Objections: - I really don't think OpenBSD's package management system is any more complicated than FreeBSD's. - For someone sufficiently accustomed to unix, I think OpenBSD's more intuitive than most linux distrubutions. It doesn't have alot of the complexity that's been built into modern unix-like OSes and remains very simple at it's core. This means that it doesn't have a lot of features that can easily be implemented by piping a few commands together, like the "killall" command available in Linux or FreeBSD. They leave this to the user to implement.

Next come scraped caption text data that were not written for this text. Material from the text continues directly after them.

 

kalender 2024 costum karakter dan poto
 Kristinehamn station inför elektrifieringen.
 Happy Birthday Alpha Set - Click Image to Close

Other thoughts: - I'm no longer an OpenBSD user, I've migrated to FreeBSD to take advantage of zfs, but I don't love FreeBSD like I loved OpenBSD. It's an operating system developed in a way that I think makes a lot of sense. Very simple.
65 • Novell buyout... (by OnoSendai58 on 2010-11-24 16:38:12 GMT from United States)

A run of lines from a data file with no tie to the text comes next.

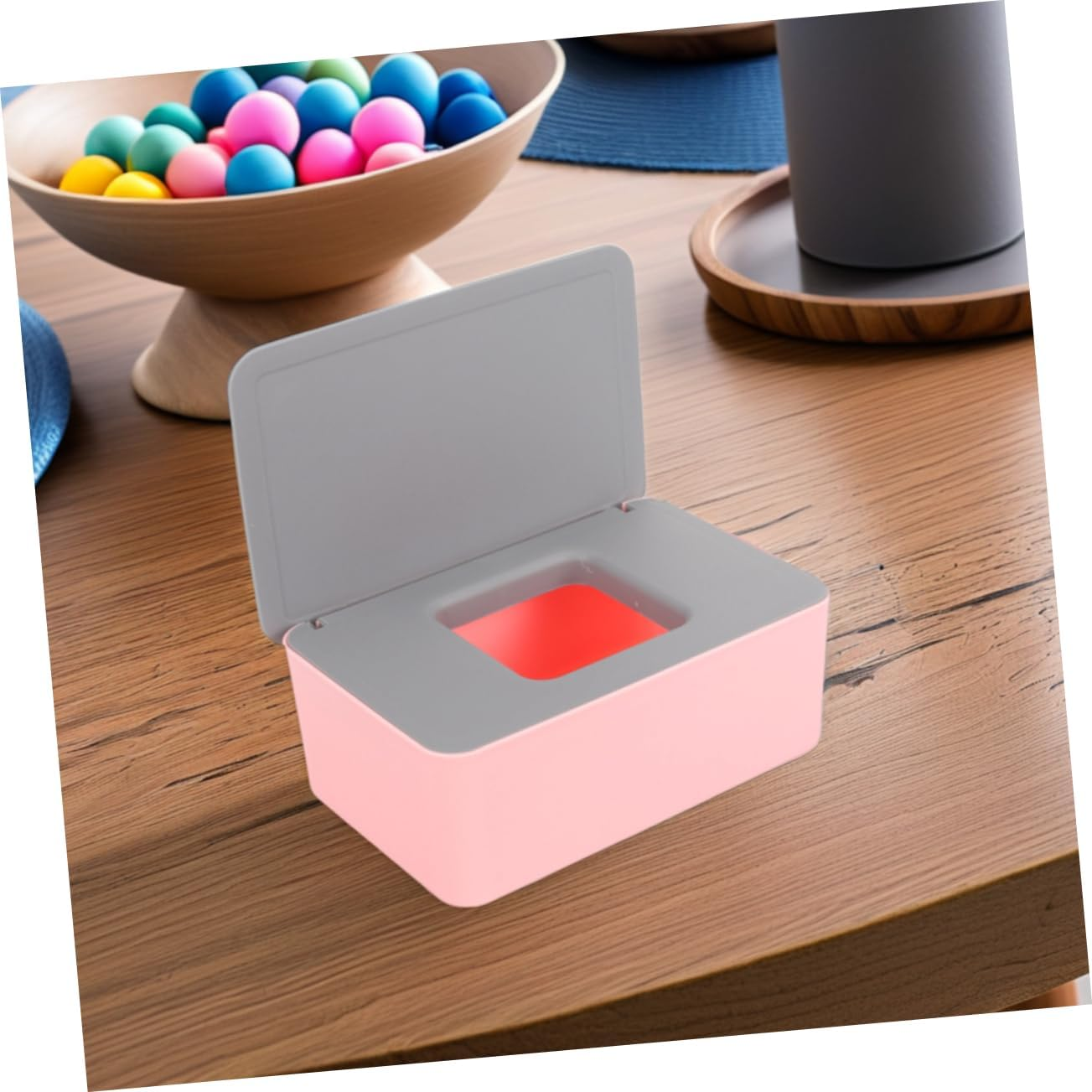 2Pcs Compact Wet Tissue Box Portable Wipe Case Airtight Wipes Storage Container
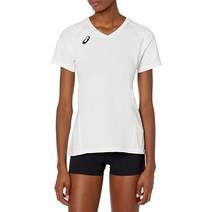 아식스 ASICS 여성용 Spin Serve 배구공 저지 반소매 정품보장, Team White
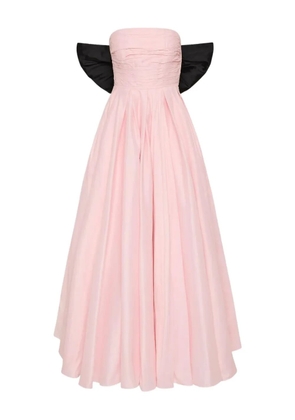 Aje bow strapless maxi dress - Pink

I see there`s already a shareholders lawsuit filed. Could get interesting...
66 • netbsd (by dudeintheatlantic on 2010-11-24 16:49:24 GMT from Faroe Islands)

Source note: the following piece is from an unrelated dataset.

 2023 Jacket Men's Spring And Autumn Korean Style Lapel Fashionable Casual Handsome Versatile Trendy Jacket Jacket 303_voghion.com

I really hope you do a review of the NetBSD 6.0 release when it comes out. Maybe you could make a comparison of 6.0 and 5.1.
Just one mans wish:)
67 • OpenBSD (by Jesse on 2010-11-24 19:39:46 GMT from Canada)
RE: 64
I agree that part of the reason OpenBSD has less hardware support is due to a smaller developer/user community. However, I also think that a big factor is OpenBSD's approach to binary blobs. They don't use binary blobs which cuts down on some of their hardware support, but insures the code they do have remains open.
I'm not sure why you mentioned OpenBSD not running well in VirtualBox as an omission. It was mentioned (and linked to) in the review and mentioned again in the summary.
The reason I said OpenBSD's package/ports management is more complicated than FreeBSD's is due to the requirement of actually configuring the package manager and manually installing the ports collection. These are things FreeBSD does automatically at install time. OpenBSD requires the user manually install the ports collection and point the package manager to the correct repository. After that both systems work pretty much the same.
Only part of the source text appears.